Guillaume, mon (très) cher député,

Oui, tu m’es cher, car il m’a coûté cher de glisser ton bulletin dans l’urne au second tour des élections législatives et de contribuer à ton élection à l’Assemblée Nationale.

Il m’a coûté fort cher également de ne pas exprimer publiquement entre les deux tours ma frustration de ne pas poursuivre la campagne en troisième semaine et de stopper l’élan militant sans précédent que le Nouveau Front Populaire a fait naître ici en quelques jours. Mais dans la continuité de mon désistement républicain sans délai ni condition, j’ai mis un point d’honneur à ne pas hypothéquer tes chances de battre le Rassemblement national.

En effet, j’ai eu grand peur que ta campagne de premier tour, faite d’insultes et de caricatures à mon égard et à celui du NFP, ne nuise au bon report de nos voix pour contrer le RN : difficile de voter pour qui vous a traîné dans la boue ! Pire encore, tes affiches d’entre deux tours traçaient encore un signe égal entre J-L. Mélenchon et M. Le Pen : envisageais-tu sérieusement de te passer de nos votes ?
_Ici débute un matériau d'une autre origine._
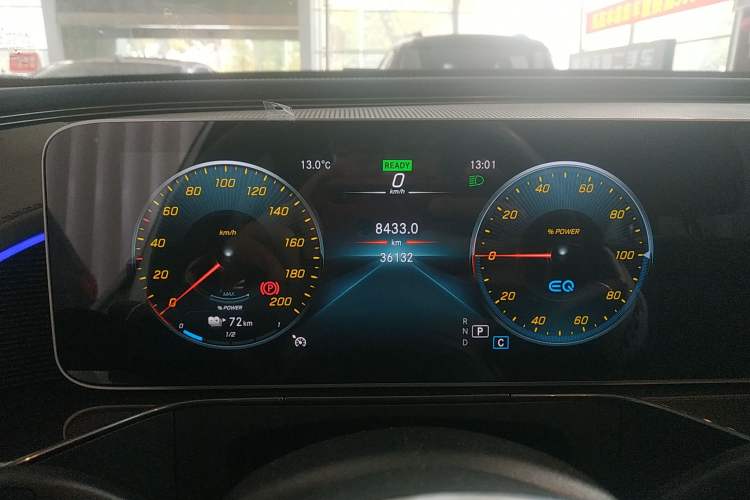 Used Mercedes-Benz EQC 2020 EQC 350 4MATIC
Le mensonge n’étant pas dans ma boîte à outils politique, je n’ai pu cacher à celles et ceux qui m’interrogeaient qu’en effet tu n’avais pas eu l’élégance ou la politesse de m’envoyer ne serait-ce qu’un mot de remerciement pour ce désistement. Grandes étaient alors la surprise, puis la colère de mes interlocuteur.ices qui te pensaient détenir ce minimum de savoir-vivre et d’intelligence politique.

Malgré ton mépris et parce que la sauvegarde de la République est sacrée pour le peuple de gauche et de l’écologie, nous t’avons « quoi qu’il en coûte » apporté massivement nos voix pour constituer entre 30 et 40% de ton électorat de second tour.

Pourtant, dimanche soir à nouveau, tout à la joie enfantine de ta victoire et de conserver ce siège et dans l’illusion d’avoir vaincu seul, tu n’as pas jugé nécessaire d’écrire ou de prononcer un mot pour notre électorat, pourtant exemplaire en la circonstance. Peut-être n’as-tu pas trouvé le temps de m’adresser ne serait-ce qu’un SMS de remerciement, trop occupé à griller une cigarette avec Mme Minot et M. Bay, les candidat.es déçu.es de l’extrême droite : tu sais ce que l’on dit de l’épaisseur du papier à cigarette pour qualifier les différences entre idées politiques. Te concernant, je n’ose croire en cette métaphore…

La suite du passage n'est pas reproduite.